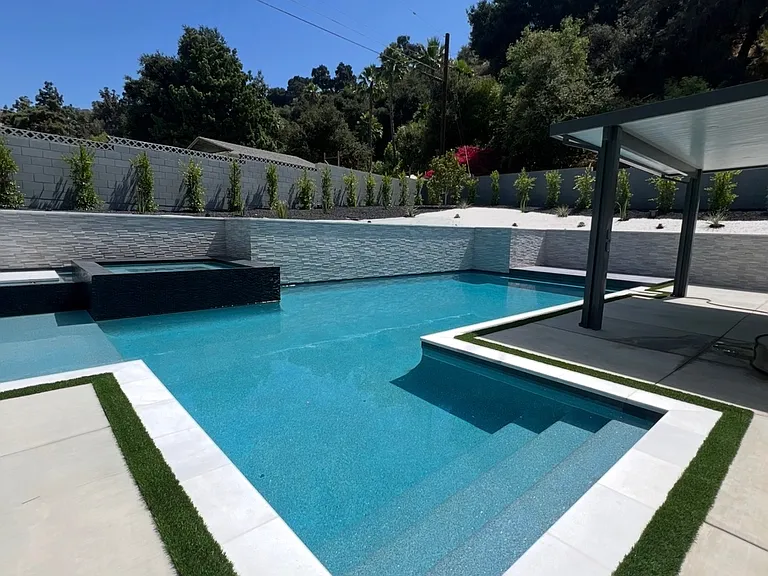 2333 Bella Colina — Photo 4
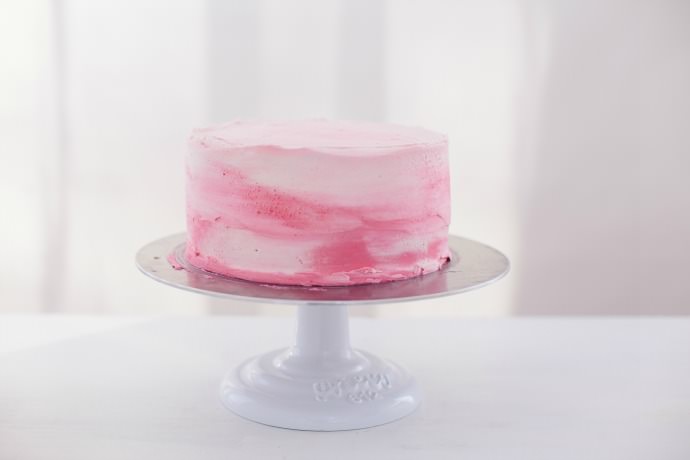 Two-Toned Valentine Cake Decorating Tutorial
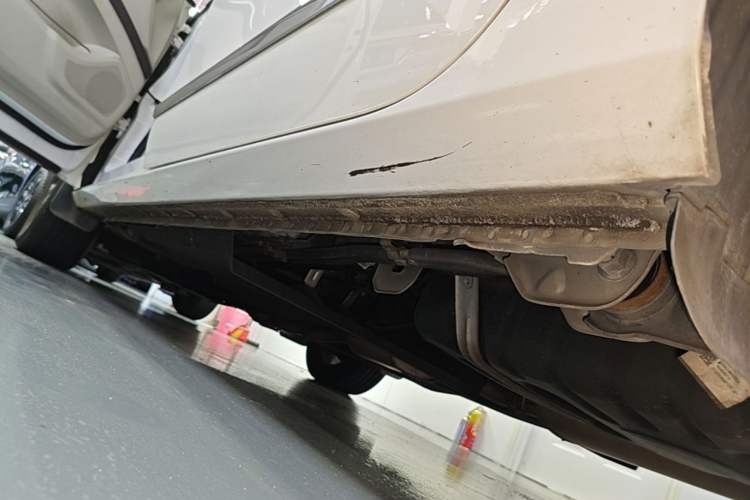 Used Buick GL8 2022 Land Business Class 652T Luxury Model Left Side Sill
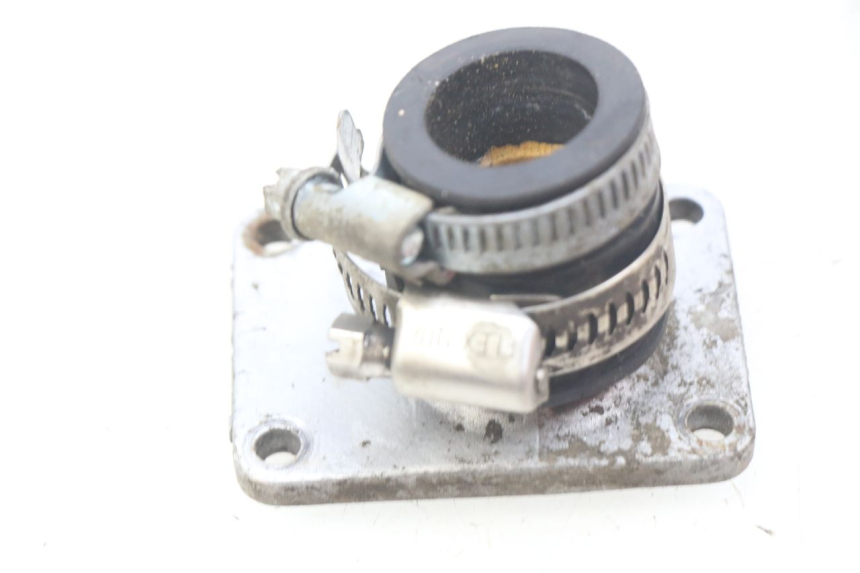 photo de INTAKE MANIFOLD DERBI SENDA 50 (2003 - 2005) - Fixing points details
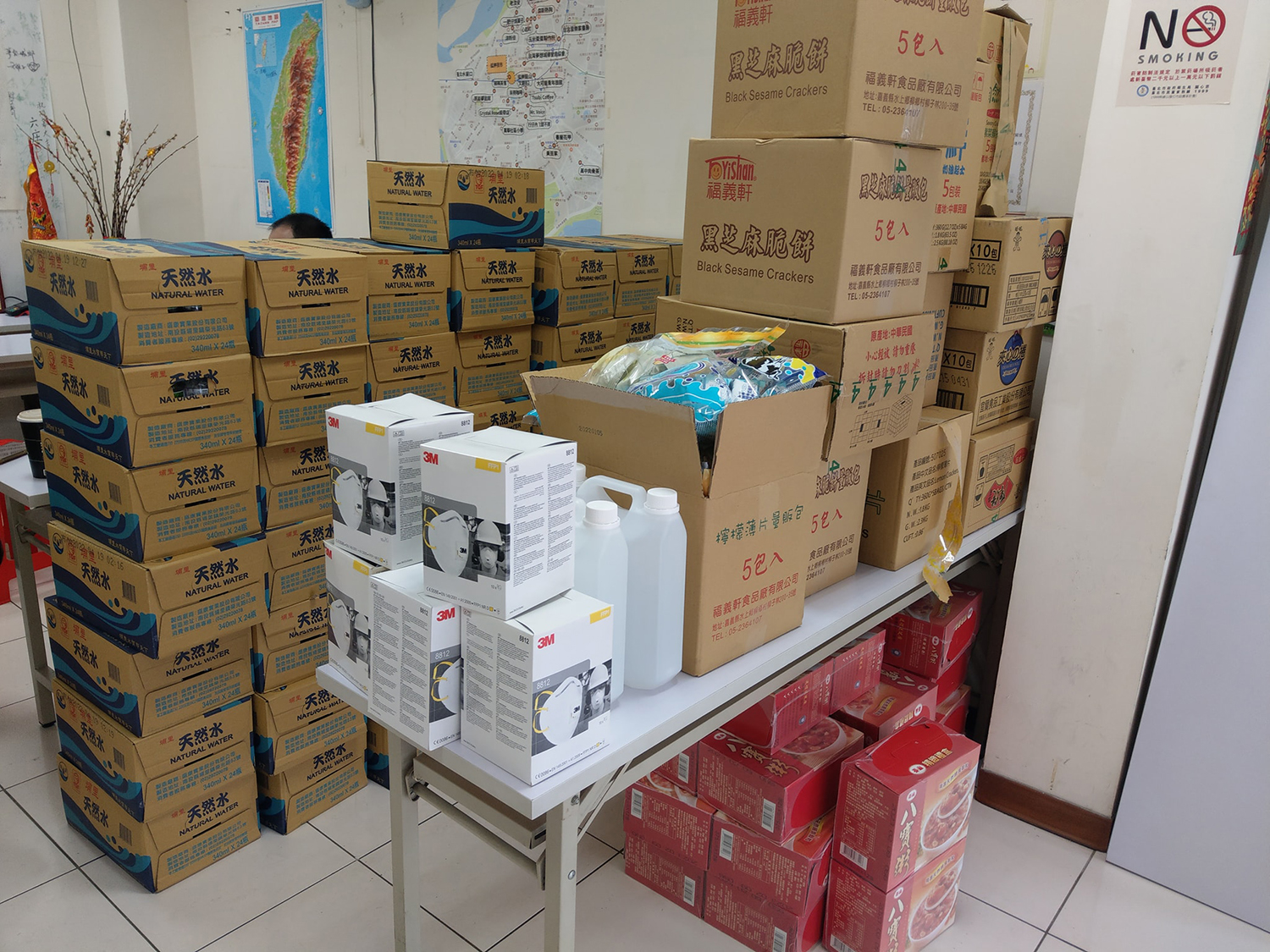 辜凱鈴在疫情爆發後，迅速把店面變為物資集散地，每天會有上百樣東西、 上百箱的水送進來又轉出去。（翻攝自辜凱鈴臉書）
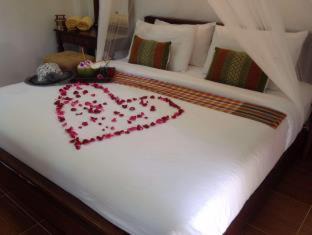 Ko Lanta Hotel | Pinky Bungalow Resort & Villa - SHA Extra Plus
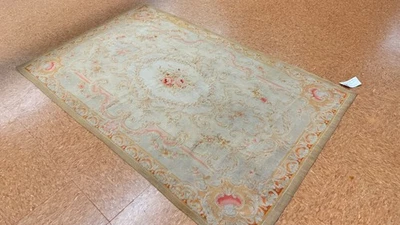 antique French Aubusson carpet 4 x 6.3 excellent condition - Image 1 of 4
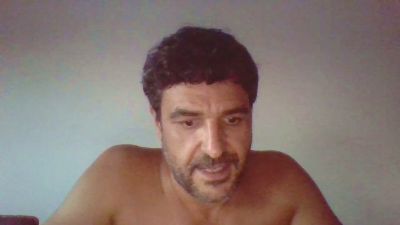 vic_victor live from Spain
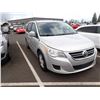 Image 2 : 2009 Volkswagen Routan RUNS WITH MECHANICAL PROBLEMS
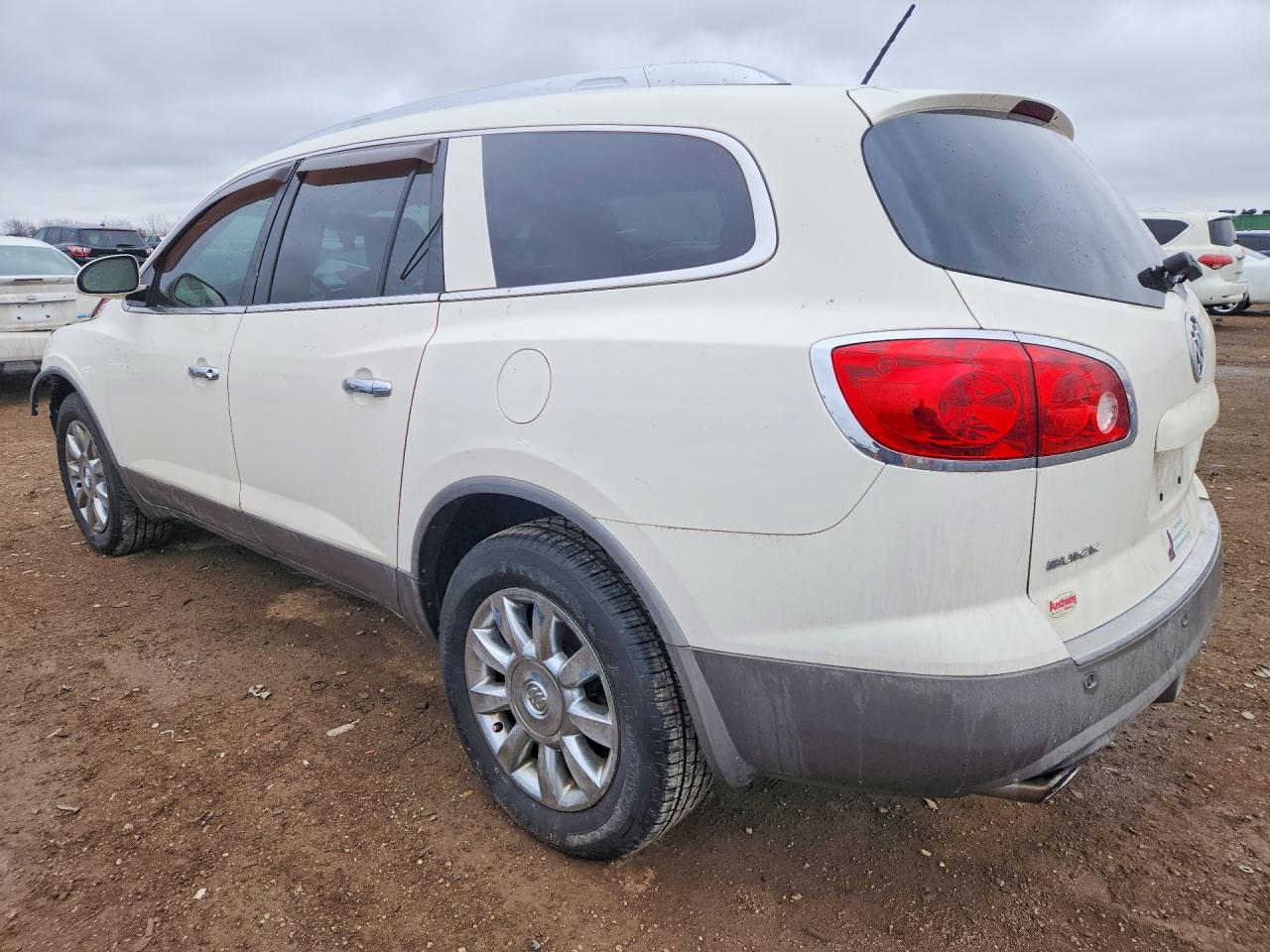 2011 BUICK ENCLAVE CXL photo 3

######

* **EXERCISE INSTRUCTIONS**
Please output all of the entries exactly as they appear, with no pictures.

* **TASK ANSWER**
 2333 Bella Colina — Photo 4
 Two-Toned Valentine Cake Decorating Tutorial
 Used Buick GL8 2022 Land Business Class 652T Luxury Model Left Side Sill
 photo de INTAKE MANIFOLD DERBI SENDA 50 (2003 - 2005) - Fixing points details
 辜凱鈴在疫情爆發後，迅速把店面變為物資集散地，每天會有上百樣東西、 上百箱的水送進來又轉出去。（翻攝自辜凱鈴臉書）
 Ko Lanta Hotel | Pinky Bungalow Resort & Villa - SHA Extra Plus
 antique French Aubusson carpet 4 x 6.3 excellent condition - Image 1 of 4
 vic_victor live from Spain
 Image 2 : 2009 Volkswagen Routan RUNS WITH MECHANICAL PROBLEMS
 2011 BUICK ENCLAVE CXL photo 3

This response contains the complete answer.